__PROBLEM__
If a line in the records below includes the word "Wheels", count it, then give the total and nothing else.

(Stored data entries)
********

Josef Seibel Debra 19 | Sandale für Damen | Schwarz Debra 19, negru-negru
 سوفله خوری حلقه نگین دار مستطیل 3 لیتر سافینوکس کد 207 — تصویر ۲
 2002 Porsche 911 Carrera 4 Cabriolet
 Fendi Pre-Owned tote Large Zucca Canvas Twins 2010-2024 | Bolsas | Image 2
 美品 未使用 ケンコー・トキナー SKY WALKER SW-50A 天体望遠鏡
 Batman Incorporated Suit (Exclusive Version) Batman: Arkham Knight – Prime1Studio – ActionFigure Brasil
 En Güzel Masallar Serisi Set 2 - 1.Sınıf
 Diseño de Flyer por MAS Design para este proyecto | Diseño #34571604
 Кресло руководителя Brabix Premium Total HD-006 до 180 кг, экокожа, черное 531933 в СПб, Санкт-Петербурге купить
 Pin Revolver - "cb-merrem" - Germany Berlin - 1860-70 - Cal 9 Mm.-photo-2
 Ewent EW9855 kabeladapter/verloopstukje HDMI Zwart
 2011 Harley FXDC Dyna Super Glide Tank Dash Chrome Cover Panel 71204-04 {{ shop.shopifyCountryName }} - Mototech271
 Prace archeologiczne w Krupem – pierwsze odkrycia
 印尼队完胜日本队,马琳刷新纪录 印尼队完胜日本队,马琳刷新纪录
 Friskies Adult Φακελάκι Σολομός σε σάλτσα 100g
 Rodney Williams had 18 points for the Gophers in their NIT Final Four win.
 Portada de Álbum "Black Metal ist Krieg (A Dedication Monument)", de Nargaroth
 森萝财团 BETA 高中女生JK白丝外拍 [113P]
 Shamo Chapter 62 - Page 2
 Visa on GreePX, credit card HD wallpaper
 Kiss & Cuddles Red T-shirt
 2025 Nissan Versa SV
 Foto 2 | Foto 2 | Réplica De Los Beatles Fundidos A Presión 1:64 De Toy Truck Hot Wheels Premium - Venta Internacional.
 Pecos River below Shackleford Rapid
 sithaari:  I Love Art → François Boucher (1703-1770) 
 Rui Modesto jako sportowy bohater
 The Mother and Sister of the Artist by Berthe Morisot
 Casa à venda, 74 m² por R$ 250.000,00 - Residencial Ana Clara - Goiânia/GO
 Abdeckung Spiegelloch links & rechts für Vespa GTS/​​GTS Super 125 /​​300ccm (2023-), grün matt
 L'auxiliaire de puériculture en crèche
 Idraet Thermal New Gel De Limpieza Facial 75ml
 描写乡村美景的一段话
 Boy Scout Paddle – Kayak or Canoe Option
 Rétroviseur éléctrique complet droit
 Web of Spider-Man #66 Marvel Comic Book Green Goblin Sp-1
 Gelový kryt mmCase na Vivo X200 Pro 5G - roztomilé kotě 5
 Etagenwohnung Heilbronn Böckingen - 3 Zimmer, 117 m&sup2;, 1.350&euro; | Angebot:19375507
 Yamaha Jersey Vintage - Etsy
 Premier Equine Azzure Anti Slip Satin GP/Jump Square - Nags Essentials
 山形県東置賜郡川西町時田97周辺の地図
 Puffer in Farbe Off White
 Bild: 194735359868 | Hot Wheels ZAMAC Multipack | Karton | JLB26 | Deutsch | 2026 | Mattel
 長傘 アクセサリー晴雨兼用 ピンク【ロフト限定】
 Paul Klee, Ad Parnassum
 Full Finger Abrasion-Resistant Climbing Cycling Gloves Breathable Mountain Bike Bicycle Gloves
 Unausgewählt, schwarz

********

__RESPONSE BOX__
2